The grass is always greener

As the sport of golf soars in popularity, private equity real estate investors are actively targeting courses and resorts around the world. By Paul Fruchbom.

Earlier this summer, while fireworks soared over the Statue of Liberty in celebration of the 4th of July, wellheeled golf aficionados nearby were celebrating a milestone of a different sort: the official opening of Liberty National, one of the most expensive golf courses ever built.

Set on the New Jersey banks of the Hudson River, within spitting distance of Lady Liberty herself, the course reportedly cost approximately $130 million (€100 million) to build; the lavish, yet-to-be-built clubhouse is expected to run an additional $20 million. Financed by Reebok mogul Paul Fireman, the exclusive club—where the $400,000 membership is by invitation only—has already reached its quota of 50 members for the year. Membership will eventually top out at 250 golfers.

While Liberty National is not backed by private equity real estate money—even though many industry titans are no doubt pining for an invitation— the same can not be said for a growing number of courses around the world.

In one of the most well-known examples, Lone Star and Goldman Sachs have both built up substantial golf portfolios in Japan, which they acquired in the wake of the country's economic crisis. Pacific Golf International, the Lone Star portfolio company, went public last year, while Goldman's Accordia Golf had just announced plans for a $1 billion initial public offering at press time (p. 25).

Over the past few months, activity has been heating up in Europe as well. In late June, London-based private equity firm Permira made an unsuccessful bid for hotel company De Vere, which owns the Belfry golf course, four-time host of the Ryder Cup tournament.
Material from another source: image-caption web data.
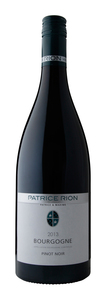 Bourgogne Rouge Patrice Rion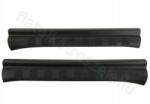 Fastoriginal dísz-/védőléc RENAULT MASTER 10> ajtóküszöb bal+jobb NISSAN NV400 Alváz/nyitott (X62, X62B) (FT90659)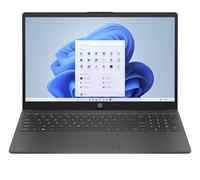 HP 15-fc0058nl, 15,6 ", processore AMD Ryzen 5 7520U, 8 GB, 512 GB SSD SSD, Grey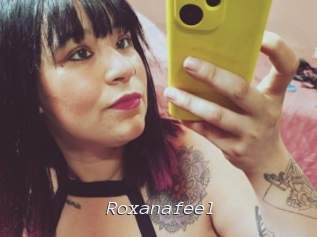Roxanafeel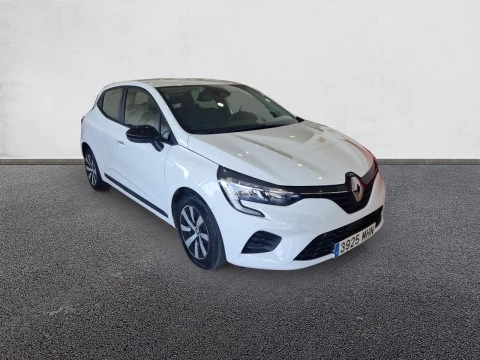 Renault Clio Equilibre Blue dCi 74kW (100CV)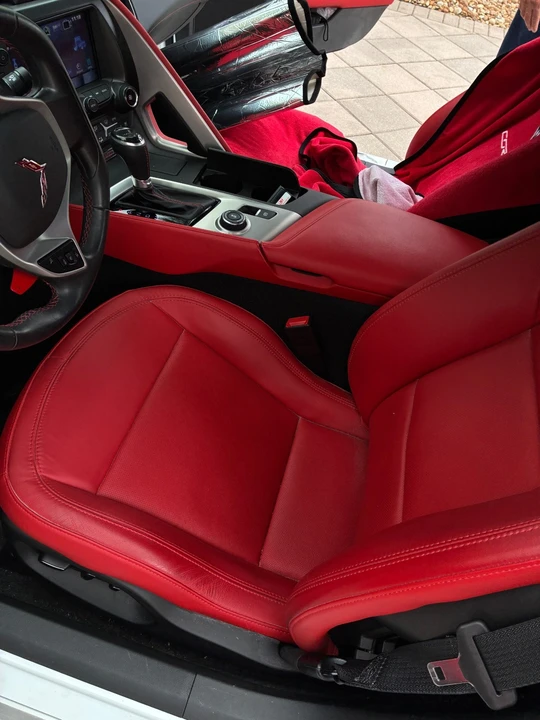 2019 Chevrolet Corvette C7 - Image 8 of 9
That same month, Apollo Real Estate Advisors acquired the St. Andrews Bay Golf Resort & Spa in Scotland, which is located less than two miles away from the world-renown Old Course at St. Andrews (p. 56).

Yet while Scotland may be the home of golf, the US has been at the epicenter of the private equity real estate boom in golf course ownership. Last month, KSL Capital Partners paid $1.8 billion for the 170-odd golf courses and country clubs held by Dallas-based ClubCorp (p. 17). In August, Walton Street Capital announced the acquisition of PGA National Resort & Spa in Palm Beach, Florida. And not far from Liberty National, another recently opened course on the New Jersey waterfront, Bayonne Golf Club, was partially financed by Cherokee Investment Partners, a private equity real estate firm focused on environmentally contaminated properties. (Both Liberty National and Bayonne required extensive environmental remediation.)

As many of these recent transactions highlight, private equity firms are not necessarily fixated on the cash flows of the golf business itself, but rather on the secondary real estate opportunities that the courses offer. Hotels, condominiums, restaurants and retail opportunities are some of the ways in which investors are looking to boost the profile (and cash flow) of their fairways. At Liberty National, for example, the golf course is expected to lose money while a series of nearby condominium towers are projected to turn a tidy profit.

At the same time, however, many institutional investors are skeptical of private equity's ability to wring superior returns out of golf-related properties. At a recent conference, one limited partner listed golf courses as one asset that he would stay away from— in addition to other off-the-beaten-path investments such as parking lots.

One factor that limits the appeal of golf courses is their limited downside protection. Unlike, say, an urban office building, a golf course is most likely going to remain a golf course as there are significantly little conversion opportunities if the bottom falls out. At the same time, there are few exits available for large golf portfolios, particularly if the public markets don't cooperate. That said, one likely buyer of such assets may be another private equity firm— KSL, for example, built up one of the largest golf operators in the country during the 1990s, which was eventually sold to Apollo.

For the time being, at least, private equity real estate firms seem relatively unconcerned with the hazards that may lie ahead. Of course, can you really blame them? There are many perks to being a succesful private equity real estate GP, but is there anything that carries more caché than owning your own golf course?